FDA Issues Complete Response Letter for Onpattro in Heart Failure Indication

The FDA has issued a complete response letter (CRL) for Alnylam Pharmaceuticals’ supplemental new drug application (sNDA) for Onpattro (patisiran) to treat patients with cardiomyopathy of transthyretin-mediated (ATTR) amyloidosis. Regulators said that the clinical meaningfulness of Onpattro’s in this indication was not supported by the data.

ATTR amyloidosis is a rare, progressive, debilitating disease caused by misfolded transthyretin proteins that accumulate as amyloid fibrils in multiple tissues including the nerves, heart, and gastrointestinal tract. In cardiomyopathy, the heart loses its ability to pump blood.

The complete response letter does not impact Onpattro’s current indication: treating patients withpolyneuropathy of hereditary ATTR amyloidosis, which affects the peripheral nerves. It generated $558 million in revenue in 2022. Its wholesale acquisition cost is $9,785 per vial.

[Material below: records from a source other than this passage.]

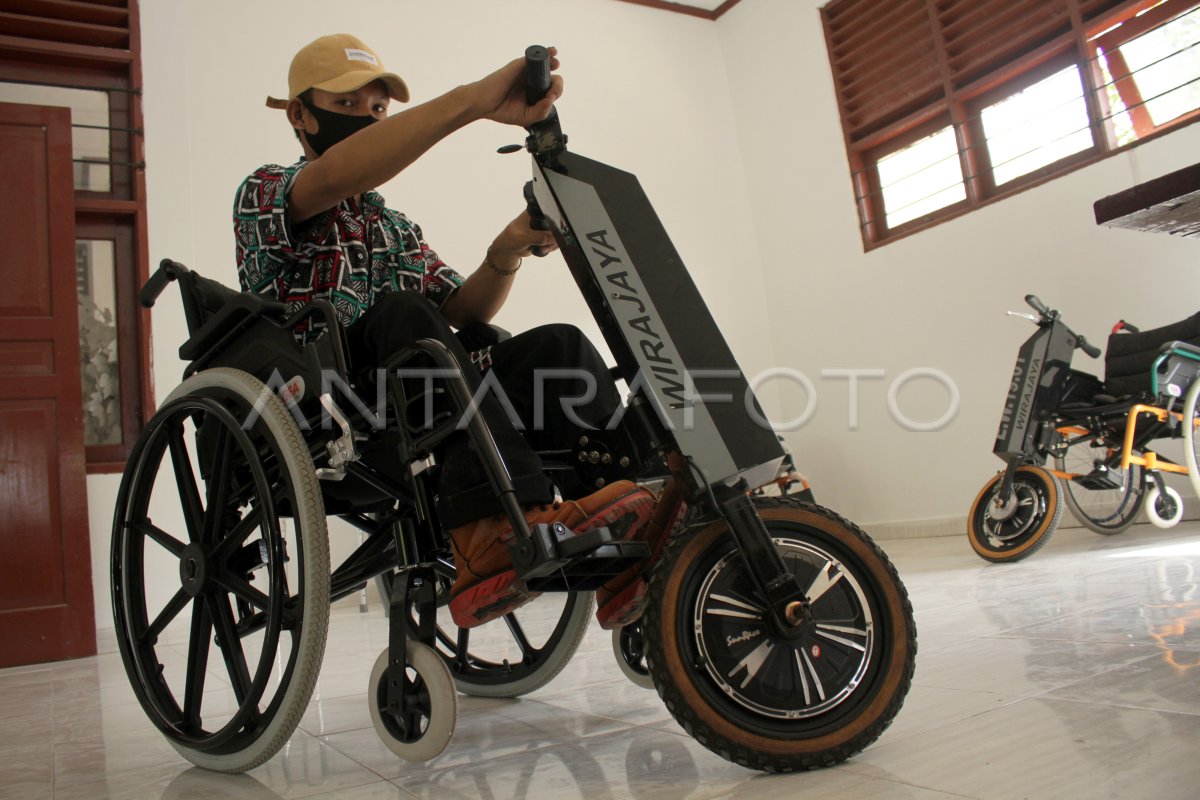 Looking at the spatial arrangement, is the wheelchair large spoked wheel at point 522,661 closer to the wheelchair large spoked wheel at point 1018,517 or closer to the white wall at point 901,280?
the wheelchair large spoked wheel at point 1018,517

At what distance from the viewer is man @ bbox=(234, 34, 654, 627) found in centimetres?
94

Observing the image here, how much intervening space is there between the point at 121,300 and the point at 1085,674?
11.6ft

Related: FDA Advisory Committee Backs Use of Onpattro in Heart Failure Indication

Last month, the FDA’s Cardiovascular and Renal Drugs Advisory Committee (CRDAC) voted 9 to 3 in support of Onpattro despite questions about its benefit. Many committee members felt the data from the APOLLO-B study were marginally positive. Those who voted yes said more options for rare diseases are needed. Only one treatment is available to treat cardiomyopathy in ATTR: Pfizer’s Vyndamax (tafamidis).

The FDA in a briefing document indicated that there was no evidence of treatment effect in patients who were also taking Vyndamax. FDA officials the analysis of these patients did not provide evidence for or against treatment effect. Regulators pointed out the study was not powered to provide conclusions about these patients.

Alnylam officials said the company will no longer pursue Onpattro for this indication. The company will instead on focus on Amvuttra (vutrisiran), an RNAi therapeutic in a phase 3 trial (HELIOS-B) to treat patients with cardiomyopathy of ATTR amyloidosis.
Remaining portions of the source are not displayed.